A generic odd number can be written as
![2k+1,\quad k \in \mathbb{Z}](https://tex.z-dn.net/?f=2k%2B1%2C%5Cquad%20k%20%5Cin%20%5Cmathbb%7BZ%7D)
Since there is an odd number every two numbers, three consecutive odd numbers will be
![2k+1,\quad 2k+3,\quad 2k+5](https://tex.z-dn.net/?f=2k%2B1%2C%5Cquad%202k%2B3%2C%5Cquad%202k%2B5)
Now let's make up the equations: the sum of the first two is
![(2k+1)+(2k+3)](https://tex.z-dn.net/?f=%282k%2B1%29%2B%282k%2B3%29)
And 27 less than 3 times the largest is
![3(2k+5)-27](https://tex.z-dn.net/?f=3%282k%2B5%29-27)

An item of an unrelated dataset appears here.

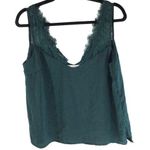 Elle Rae Womens Tank Top Lace Trim V Neck Dark Green M Size M Photo 0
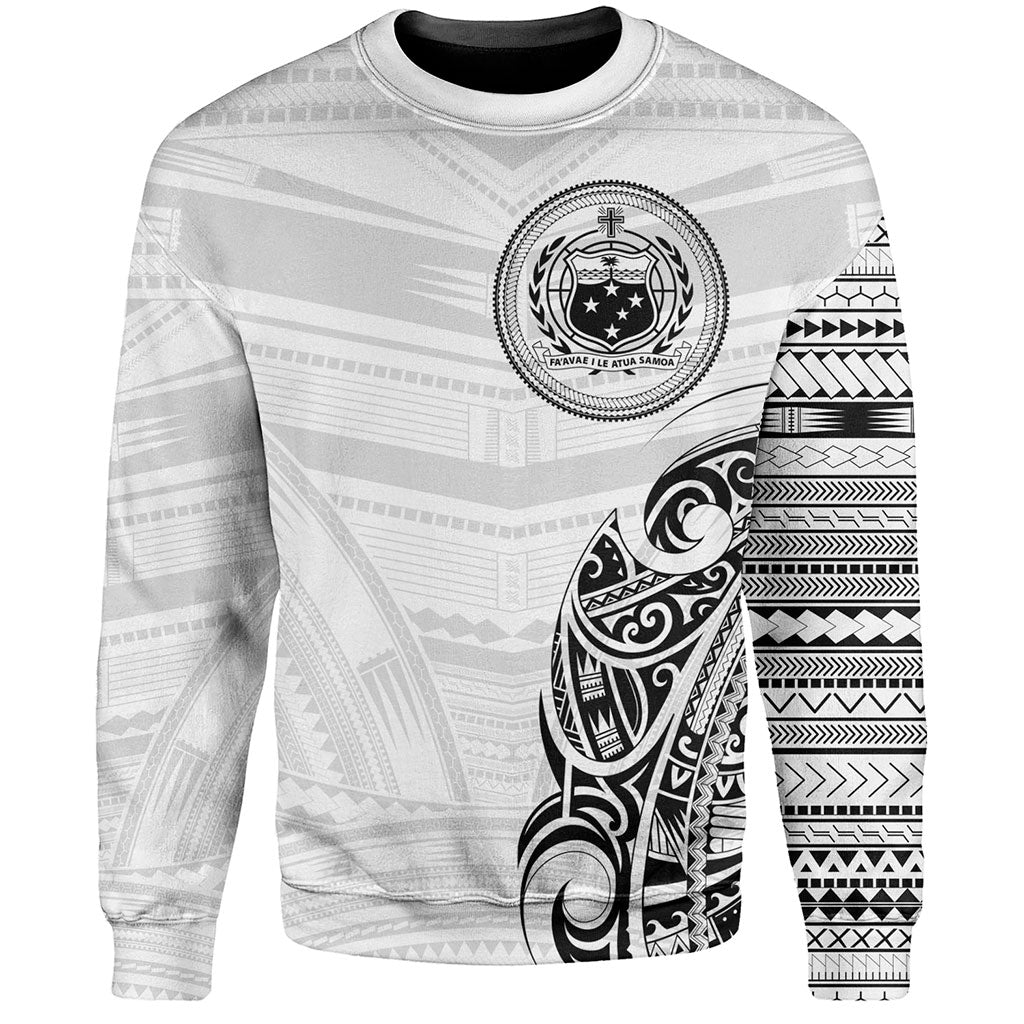 Samoa Sweatshirt Polynesia Tribal Pattern Coat Of Arms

These two must be the same, so we have
![(2k+1)+(2k+3)=3(2k+5)-27 \iff 4k+4 = 6k+30-27 \iff 4k+4=6k+3](https://tex.z-dn.net/?f=%282k%2B1%29%2B%282k%2B3%29%3D3%282k%2B5%29-27%20%5Ciff%204k%2B4%20%3D%206k%2B30-27%20%5Ciff%204k%2B4%3D6k%2B3)
Subtracting 4k and 3 from both sides gives
![1=2k \iff k=\dfrac{1}{2}](https://tex.z-dn.net/?f=1%3D2k%20%5Ciff%20k%3D%5Cdfrac%7B1%7D%7B2%7D)
Which means that the problem has no solution.
To confirm this hypothesis, we can observe that, on the left hand side, we have the sum of two odd numbers, which is even
On the right hand side, we have an odd number, multiplied by 3 (still odd), take away 27 (still odd).
So, the left hand side is even, and the right hand side is odd. They can't be the same number.